The test command runs *inside* the container, so whatever you invoke (`curl`, `wget`, a language runtime) has to be available in the image. For an inference server like vLLM that already exposes `/health`, a `curl -sf http://localhost:<port>/health` check is idiomatic.

<Tip>
  `start_period` is usually the most important field. If your container takes 15 minutes to load model weights, set `start_period` to at least 20 minutes — otherwise failing checks during the load phase will burn through `retries` and the deployment will fail before your app ever gets a chance to serve.
</Tip>

**See also.** The schema is taken from Docker Compose — see the [Compose healthcheck reference](https://docs.docker.com/reference/compose-file/services/#healthcheck) for the full semantics (exit codes, `CMD-SHELL` vs `CMD`, disabling an inherited check with `disable: true`).

## Restart policy

By default, a container whose process exits stays exited. Set `restart` to have Docker automatically restart the process if it crashes — useful for long-running servers that should stay up across transient failures.

```yaml theme={"dark"}
containers:
  - name: "inference"
    image: "vllm/vllm-openai:v0.14.1@sha256:..."
    restart: always
```

| Value            | Behavior                                                                  |
| ---------------- | ------------------------------------------------------------------------- |
| `no`             | Don't restart.

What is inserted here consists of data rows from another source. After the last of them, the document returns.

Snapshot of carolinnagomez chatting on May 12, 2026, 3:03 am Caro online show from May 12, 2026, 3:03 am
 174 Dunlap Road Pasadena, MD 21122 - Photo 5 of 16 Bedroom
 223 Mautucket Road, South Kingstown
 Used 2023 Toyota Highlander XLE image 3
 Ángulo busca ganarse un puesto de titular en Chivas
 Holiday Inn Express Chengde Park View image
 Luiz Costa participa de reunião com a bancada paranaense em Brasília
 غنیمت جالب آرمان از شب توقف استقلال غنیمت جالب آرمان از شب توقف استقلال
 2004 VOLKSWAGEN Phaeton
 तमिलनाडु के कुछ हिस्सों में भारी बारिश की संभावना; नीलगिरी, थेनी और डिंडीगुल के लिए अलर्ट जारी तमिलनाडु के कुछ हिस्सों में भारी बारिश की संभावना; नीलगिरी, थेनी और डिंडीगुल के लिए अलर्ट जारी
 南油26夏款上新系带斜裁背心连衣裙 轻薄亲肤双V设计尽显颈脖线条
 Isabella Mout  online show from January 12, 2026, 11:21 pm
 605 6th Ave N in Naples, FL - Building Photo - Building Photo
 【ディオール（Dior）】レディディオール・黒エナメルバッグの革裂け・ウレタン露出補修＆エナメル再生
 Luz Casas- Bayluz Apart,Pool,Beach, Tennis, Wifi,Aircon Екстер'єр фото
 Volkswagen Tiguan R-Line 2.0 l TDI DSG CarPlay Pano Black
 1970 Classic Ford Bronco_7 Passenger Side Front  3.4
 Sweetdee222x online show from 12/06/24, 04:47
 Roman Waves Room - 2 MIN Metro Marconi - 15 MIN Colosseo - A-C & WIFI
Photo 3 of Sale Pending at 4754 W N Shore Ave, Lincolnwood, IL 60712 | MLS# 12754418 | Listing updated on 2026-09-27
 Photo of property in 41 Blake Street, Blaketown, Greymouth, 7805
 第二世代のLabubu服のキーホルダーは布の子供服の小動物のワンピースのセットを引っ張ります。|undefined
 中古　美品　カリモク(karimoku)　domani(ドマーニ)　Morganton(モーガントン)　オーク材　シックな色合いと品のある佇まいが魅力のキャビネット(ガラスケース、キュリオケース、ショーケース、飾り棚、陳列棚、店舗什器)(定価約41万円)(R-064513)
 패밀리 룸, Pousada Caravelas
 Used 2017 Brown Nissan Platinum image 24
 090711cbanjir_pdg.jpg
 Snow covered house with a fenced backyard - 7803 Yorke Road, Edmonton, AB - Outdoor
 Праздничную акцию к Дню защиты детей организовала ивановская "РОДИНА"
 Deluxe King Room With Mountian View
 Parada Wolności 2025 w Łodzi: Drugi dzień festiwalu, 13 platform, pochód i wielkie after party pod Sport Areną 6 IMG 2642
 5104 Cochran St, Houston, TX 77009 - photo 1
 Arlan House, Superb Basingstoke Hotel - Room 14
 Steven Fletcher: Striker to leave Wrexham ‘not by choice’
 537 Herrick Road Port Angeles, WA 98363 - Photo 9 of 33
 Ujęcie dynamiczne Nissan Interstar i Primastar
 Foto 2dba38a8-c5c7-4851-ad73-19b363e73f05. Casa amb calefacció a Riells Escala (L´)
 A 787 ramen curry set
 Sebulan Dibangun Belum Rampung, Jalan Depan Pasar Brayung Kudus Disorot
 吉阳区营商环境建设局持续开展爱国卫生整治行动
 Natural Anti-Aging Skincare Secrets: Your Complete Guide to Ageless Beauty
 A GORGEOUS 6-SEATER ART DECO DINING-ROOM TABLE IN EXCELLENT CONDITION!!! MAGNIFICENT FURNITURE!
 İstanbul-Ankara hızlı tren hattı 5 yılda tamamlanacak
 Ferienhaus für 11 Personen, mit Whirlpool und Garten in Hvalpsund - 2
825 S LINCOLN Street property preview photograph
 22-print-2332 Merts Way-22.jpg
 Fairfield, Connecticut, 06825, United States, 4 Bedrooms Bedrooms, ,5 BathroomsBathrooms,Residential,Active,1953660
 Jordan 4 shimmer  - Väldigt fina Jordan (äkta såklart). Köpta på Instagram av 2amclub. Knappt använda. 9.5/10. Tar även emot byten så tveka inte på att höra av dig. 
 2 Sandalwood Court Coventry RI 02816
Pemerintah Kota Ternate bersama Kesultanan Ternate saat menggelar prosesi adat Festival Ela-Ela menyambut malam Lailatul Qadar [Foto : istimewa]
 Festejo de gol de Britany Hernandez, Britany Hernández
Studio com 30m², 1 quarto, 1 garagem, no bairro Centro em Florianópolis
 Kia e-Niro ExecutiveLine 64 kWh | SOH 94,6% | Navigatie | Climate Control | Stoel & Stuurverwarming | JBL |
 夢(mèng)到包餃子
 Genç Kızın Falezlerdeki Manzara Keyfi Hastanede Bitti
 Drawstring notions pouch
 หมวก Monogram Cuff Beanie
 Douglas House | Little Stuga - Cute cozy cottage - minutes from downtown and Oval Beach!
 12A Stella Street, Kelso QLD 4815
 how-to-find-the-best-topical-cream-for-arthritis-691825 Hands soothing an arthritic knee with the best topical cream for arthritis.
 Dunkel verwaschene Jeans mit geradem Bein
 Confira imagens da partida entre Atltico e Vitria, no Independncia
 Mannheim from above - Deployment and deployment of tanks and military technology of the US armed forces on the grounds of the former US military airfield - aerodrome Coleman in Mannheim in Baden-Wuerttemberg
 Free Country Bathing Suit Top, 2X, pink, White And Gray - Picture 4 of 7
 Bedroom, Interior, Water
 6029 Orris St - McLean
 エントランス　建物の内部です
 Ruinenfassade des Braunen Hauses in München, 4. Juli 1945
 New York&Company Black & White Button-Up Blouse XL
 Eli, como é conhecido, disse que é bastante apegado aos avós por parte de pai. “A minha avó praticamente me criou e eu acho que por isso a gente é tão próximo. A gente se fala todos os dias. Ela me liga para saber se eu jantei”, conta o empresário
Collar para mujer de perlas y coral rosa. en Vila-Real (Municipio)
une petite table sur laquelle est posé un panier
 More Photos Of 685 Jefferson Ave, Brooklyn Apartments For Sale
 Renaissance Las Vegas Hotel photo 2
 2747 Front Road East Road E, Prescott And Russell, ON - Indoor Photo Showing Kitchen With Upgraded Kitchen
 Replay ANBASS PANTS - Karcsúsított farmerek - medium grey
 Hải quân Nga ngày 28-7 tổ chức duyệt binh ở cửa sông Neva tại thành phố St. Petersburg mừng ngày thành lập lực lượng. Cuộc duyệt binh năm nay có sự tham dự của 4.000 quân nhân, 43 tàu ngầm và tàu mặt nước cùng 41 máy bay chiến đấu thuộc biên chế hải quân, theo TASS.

This is the default when `restart` is omitted.             |
| `always`         | Restart the container regardless of exit status.                          |
| `on-failure`     | Restart only if the process exits with a non-zero status.                 |
| `unless-stopped` | Like `always`, but don't restart if the container was stopped explicitly. |

**Interaction with healthchecks.** The restart policy fires when the container **process exits** — it has no effect when Docker marks the container `Unhealthy` (the process keeps running; only its health state changes). During boot, the enclave fails the deployment on `Unhealthy` regardless of `restart`. Once the container has been declared `Healthy`, `restart` governs what happens if the process later dies.